──────── Data below ────────
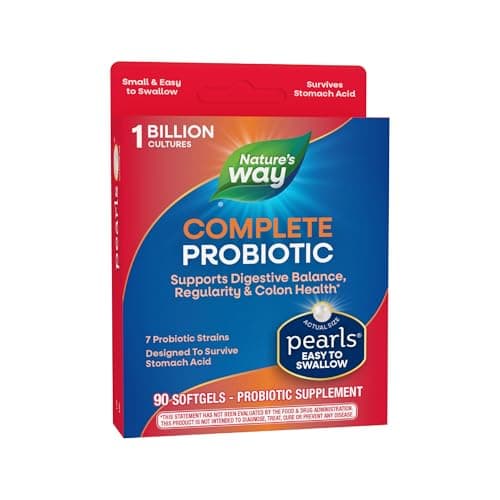 Nature's Way Complete Probiotic Pearls, Supports Digestive Balance*, 1 Billion Live Cultures, Supplement for Men and Women, No Refrigeration Required, 90 softgels - Image 1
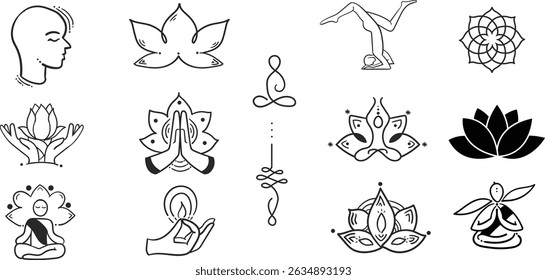 Yoga creatives design element set,peace,tranquility,Hand drawn decoration line set,world yoga day poster,card background design element. 
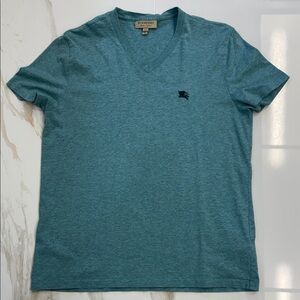 Burberry Teal V-Neck T-Shirt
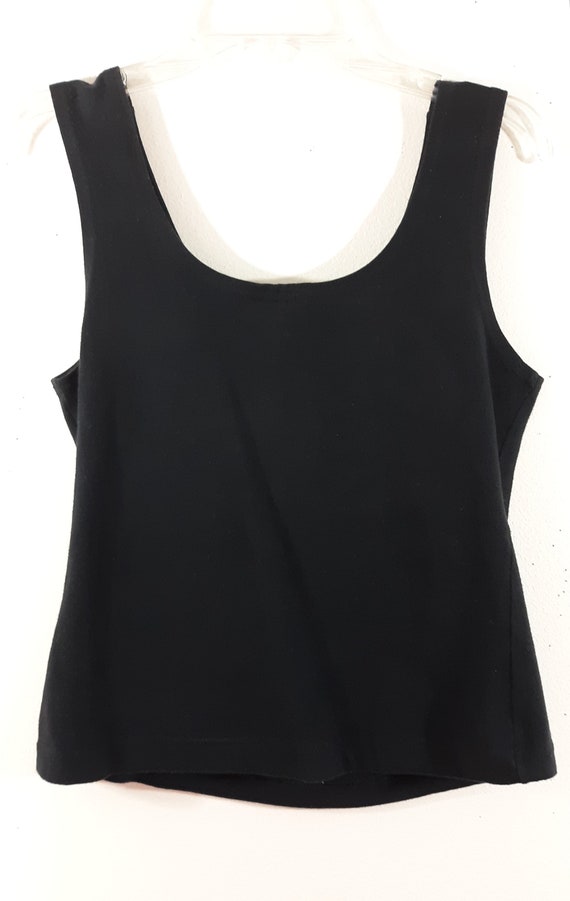 Black Tank Top 80's Women's 90% Cotton Lycra Blac… - image 10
────────
• What is needed:
The answer should consist of every line above, exact and free of images.

• Result for this task:
 Nature's Way Complete Probiotic Pearls, Supports Digestive Balance*, 1 Billion Live Cultures, Supplement for Men and Women, No Refrigeration Required, 90 softgels - Image 1
 Yoga creatives design element set,peace,tranquility,Hand drawn decoration line set,world yoga day poster,card background design element. 
 Burberry Teal V-Neck T-Shirt
 Black Tank Top 80's Women's 90% Cotton Lycra Blac… - image 10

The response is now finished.